I am literally about to enter Tough Mudder race- always thought it wouldn't appeal to me but chance to raise money for a good cause always makes it worthwhile!


----------



## Speedway (Nov 25, 2011)

MunchieBites said:


> haha i just may do that (although may be a bit vain?)
> 
> also just to clarify- i mean 20kg in each hand, not 40kg in each hand? so 40kg total


Ah, I thought you were saying 40kg in each hand, still very good though, I do 40kg you had me worried there lol


----------



## MRSTRONG (Apr 18, 2009)

MunchieBites said:


> tahts awesome i think i will do i feel so un-natural doing them


he dont squat its just for his perving lol


----------



## Huntingground (Jan 10, 2010)

For men, 1.5*BW BP, 2*BW SQ and 2.5*BW DL is decent. Not sure of the ratios for the females.............

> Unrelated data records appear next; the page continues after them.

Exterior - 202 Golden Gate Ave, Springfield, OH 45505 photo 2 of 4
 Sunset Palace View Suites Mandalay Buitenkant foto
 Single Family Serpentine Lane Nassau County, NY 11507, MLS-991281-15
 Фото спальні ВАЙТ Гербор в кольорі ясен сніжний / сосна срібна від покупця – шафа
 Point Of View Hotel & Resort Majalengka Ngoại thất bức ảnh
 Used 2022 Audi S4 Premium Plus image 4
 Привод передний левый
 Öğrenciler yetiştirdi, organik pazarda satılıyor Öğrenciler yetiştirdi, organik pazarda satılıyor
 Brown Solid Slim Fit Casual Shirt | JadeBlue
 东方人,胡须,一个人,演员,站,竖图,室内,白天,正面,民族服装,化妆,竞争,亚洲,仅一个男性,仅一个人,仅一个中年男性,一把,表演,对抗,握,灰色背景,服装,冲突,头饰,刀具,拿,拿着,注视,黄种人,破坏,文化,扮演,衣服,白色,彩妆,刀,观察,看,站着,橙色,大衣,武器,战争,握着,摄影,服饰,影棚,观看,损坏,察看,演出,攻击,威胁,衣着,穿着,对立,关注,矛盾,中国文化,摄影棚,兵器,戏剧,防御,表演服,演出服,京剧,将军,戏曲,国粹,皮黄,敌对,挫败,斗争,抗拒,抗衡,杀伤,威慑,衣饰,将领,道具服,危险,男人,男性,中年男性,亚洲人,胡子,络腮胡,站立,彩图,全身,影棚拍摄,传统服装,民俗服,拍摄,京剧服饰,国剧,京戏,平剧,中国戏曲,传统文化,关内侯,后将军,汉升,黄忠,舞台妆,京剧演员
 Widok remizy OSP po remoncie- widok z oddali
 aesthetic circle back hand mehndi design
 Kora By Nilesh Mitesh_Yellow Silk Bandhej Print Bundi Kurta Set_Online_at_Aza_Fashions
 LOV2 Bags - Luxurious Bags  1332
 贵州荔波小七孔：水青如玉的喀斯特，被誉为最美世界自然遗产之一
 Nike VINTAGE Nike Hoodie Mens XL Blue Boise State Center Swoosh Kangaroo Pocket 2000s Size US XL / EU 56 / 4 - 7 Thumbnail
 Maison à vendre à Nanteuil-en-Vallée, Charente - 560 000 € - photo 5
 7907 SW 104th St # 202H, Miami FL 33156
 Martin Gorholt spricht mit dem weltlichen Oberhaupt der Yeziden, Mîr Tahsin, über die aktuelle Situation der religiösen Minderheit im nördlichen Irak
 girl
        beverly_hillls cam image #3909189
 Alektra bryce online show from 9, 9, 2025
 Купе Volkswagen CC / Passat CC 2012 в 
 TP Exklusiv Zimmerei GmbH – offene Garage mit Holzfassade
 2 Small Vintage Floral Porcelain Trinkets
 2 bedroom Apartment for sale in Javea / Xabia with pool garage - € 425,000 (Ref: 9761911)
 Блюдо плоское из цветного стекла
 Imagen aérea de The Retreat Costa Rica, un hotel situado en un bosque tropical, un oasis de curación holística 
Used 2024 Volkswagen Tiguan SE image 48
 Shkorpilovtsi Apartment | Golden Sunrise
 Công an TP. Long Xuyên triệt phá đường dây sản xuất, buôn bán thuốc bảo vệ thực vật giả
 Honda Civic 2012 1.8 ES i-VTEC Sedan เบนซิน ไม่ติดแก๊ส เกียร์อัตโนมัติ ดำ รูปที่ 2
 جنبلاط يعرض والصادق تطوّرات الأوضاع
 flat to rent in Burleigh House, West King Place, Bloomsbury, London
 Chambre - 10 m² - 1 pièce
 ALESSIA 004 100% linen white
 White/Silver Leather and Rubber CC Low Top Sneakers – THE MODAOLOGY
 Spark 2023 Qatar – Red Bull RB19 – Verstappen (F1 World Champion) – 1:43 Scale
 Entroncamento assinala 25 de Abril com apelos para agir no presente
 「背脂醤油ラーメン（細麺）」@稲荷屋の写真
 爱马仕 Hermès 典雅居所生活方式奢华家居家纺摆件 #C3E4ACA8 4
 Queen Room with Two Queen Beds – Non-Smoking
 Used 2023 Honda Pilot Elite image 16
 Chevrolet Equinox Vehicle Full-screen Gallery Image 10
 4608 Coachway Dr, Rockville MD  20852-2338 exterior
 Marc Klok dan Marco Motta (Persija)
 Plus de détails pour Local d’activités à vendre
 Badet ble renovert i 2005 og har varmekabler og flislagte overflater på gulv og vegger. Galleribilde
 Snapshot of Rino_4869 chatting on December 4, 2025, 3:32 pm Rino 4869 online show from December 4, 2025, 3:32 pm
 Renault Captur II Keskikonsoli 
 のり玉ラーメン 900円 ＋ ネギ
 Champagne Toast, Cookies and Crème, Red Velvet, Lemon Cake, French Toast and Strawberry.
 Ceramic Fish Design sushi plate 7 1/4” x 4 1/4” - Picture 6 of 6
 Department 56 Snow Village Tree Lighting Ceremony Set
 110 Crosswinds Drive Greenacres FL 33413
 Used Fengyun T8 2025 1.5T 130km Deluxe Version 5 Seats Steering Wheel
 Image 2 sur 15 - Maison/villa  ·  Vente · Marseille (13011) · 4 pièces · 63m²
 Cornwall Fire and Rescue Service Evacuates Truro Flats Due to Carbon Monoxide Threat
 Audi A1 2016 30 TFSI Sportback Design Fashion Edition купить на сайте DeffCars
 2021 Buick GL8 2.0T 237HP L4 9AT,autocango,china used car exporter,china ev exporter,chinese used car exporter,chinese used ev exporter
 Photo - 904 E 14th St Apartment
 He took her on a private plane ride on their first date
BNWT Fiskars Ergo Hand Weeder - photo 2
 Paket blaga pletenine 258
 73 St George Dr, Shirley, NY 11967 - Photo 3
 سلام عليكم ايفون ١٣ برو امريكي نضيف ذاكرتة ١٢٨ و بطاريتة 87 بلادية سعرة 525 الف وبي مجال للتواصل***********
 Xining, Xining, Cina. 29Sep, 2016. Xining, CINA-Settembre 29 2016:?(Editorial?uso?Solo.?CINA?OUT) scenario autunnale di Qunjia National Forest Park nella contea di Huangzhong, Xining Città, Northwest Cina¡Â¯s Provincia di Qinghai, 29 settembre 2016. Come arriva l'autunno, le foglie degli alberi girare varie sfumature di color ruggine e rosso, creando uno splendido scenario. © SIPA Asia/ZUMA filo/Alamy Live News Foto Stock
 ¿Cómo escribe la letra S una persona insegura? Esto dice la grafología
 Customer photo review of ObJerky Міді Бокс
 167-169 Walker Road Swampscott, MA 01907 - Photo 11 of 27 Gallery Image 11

I am currently 120KG so BP 180, SQ 240 and DL 300. Cutting to at least 110KG so 165, 220 and 275 which is almost spot on


----------



## 2H3ENCH4U (May 23, 2012)

My sister is a female bodybuilder and doesn't really lift anything over 30 Kg (each hand lol) on a Incline DB Bench so 20 kgs is pretty good.


----------



## MunchieBites (Jan 14, 2013)

Ballin said:


> Haha I dunno if you put some lace on it you could work something!
> 
> Sweet- I entered the London marathon and didn't get a place and was disappointed so I went for Bupa Great South at 10 miles and my first thought crossing the line was nuts to a marathon...would have been another 1.5 laps! Not bad for a former prop though!
> 
> I am literally about to enter Tough Mudder race- always thought it wouldn't appeal to me but chance to raise money for a good cause always makes it worthwhile!


My fiance is a prop! (thats why he is 19 stone lol).

tough mudder looks amazing!!!

i did the kamikaze race last year and i have never been so muddy/chuffed/knackered!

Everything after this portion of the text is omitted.